» **WORK INSTRUCTIONS**: Write out the data word for word and drop any picture you find.

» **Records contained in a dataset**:
■ ■ ■ ■

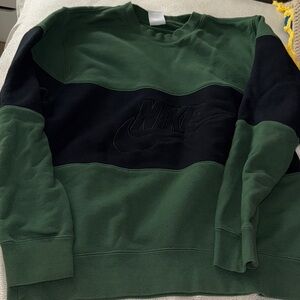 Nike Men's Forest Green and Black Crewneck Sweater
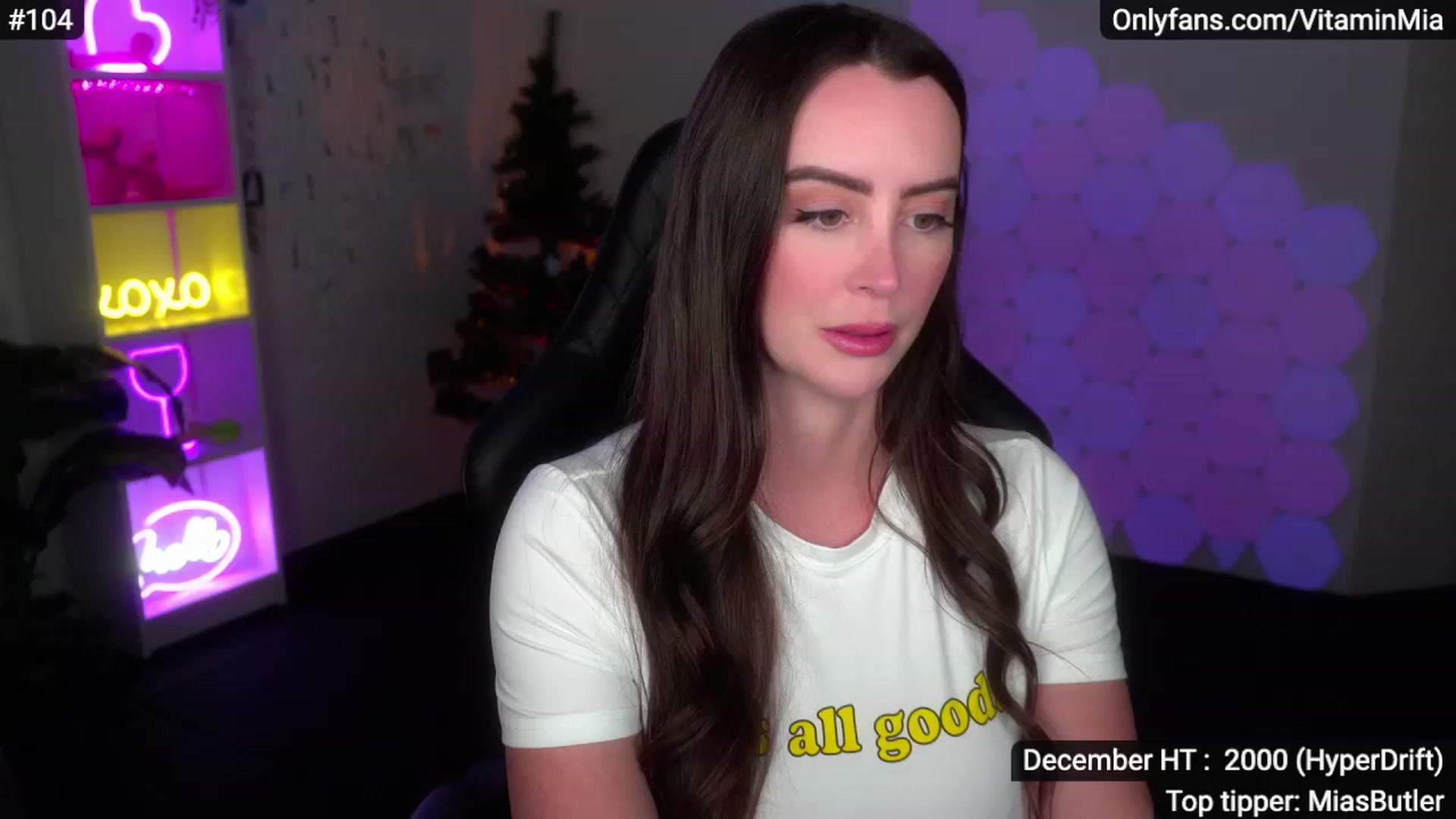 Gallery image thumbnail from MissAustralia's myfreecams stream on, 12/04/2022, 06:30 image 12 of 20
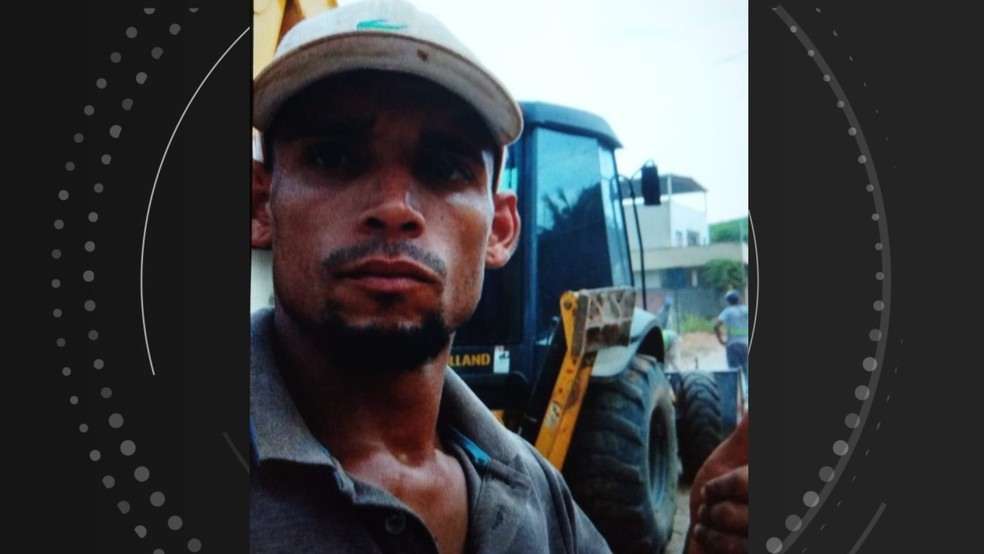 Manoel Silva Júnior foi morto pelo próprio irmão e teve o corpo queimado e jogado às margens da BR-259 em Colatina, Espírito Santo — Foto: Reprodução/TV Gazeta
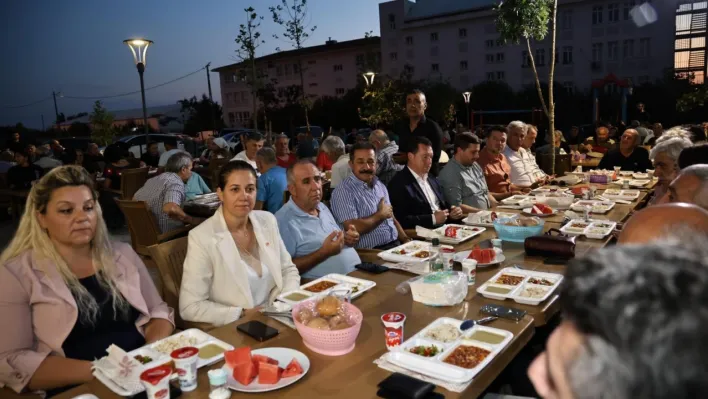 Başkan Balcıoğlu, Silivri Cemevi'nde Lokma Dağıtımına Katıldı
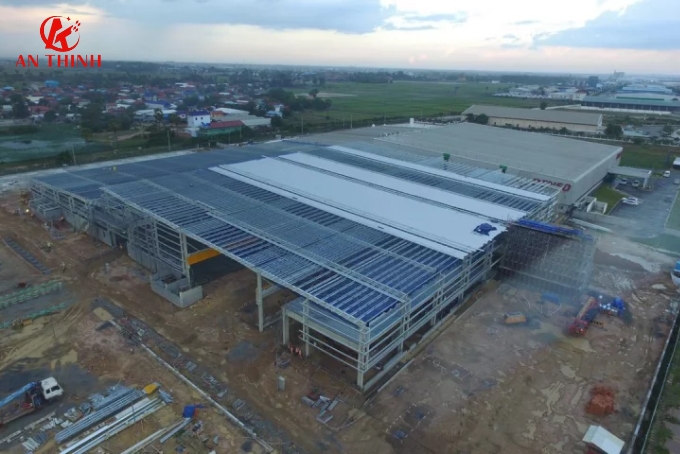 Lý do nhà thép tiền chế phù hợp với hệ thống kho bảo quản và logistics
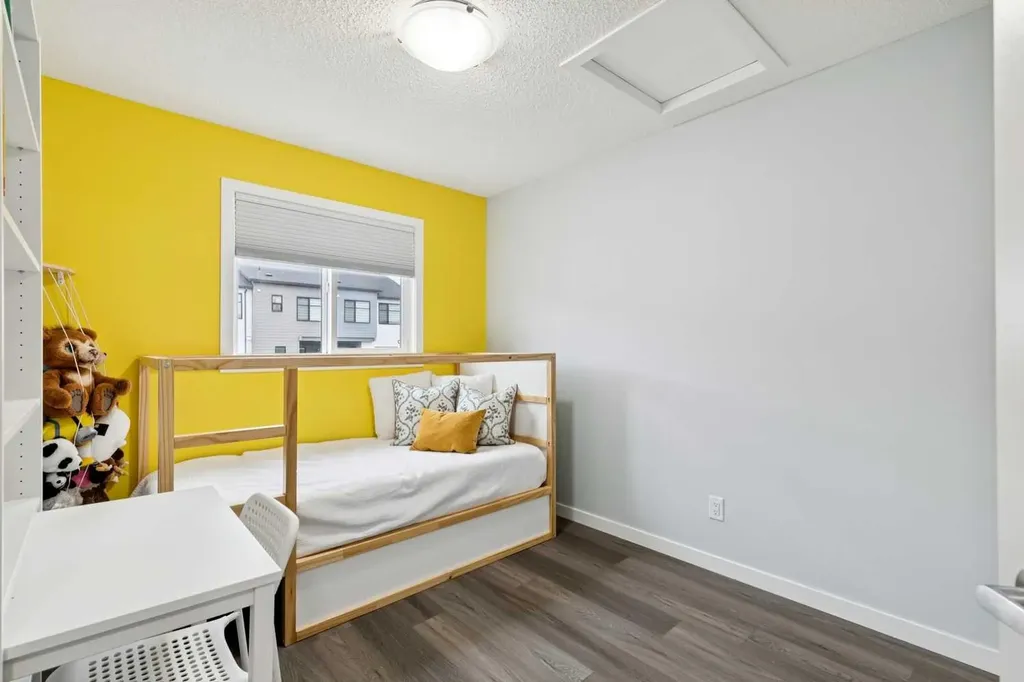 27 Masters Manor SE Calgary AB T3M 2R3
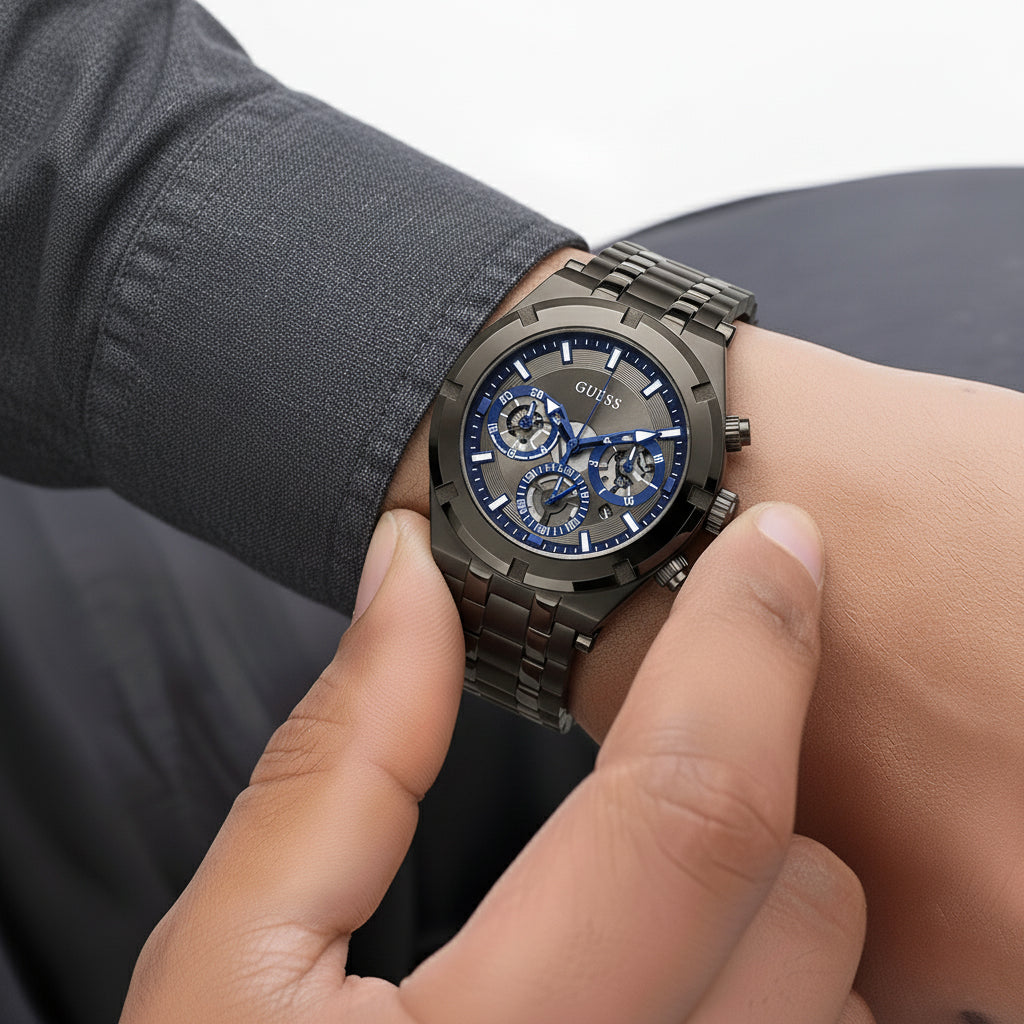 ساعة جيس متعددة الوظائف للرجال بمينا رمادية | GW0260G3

■ ■ ■ ■

» **ANSWER TO THIS EXERCISE**:
 Nike Men's Forest Green and Black Crewneck Sweater
 Gallery image thumbnail from MissAustralia's myfreecams stream on, 12/04/2022, 06:30 image 12 of 20
 Manoel Silva Júnior foi morto pelo próprio irmão e teve o corpo queimado e jogado às margens da BR-259 em Colatina, Espírito Santo — Foto: Reprodução/TV Gazeta
 Başkan Balcıoğlu, Silivri Cemevi'nde Lokma Dağıtımına Katıldı
 Lý do nhà thép tiền chế phù hợp với hệ thống kho bảo quản và logistics
 27 Masters Manor SE Calgary AB T3M 2R3
 ساعة جيس متعددة الوظائف للرجال بمينا رمادية | GW0260G3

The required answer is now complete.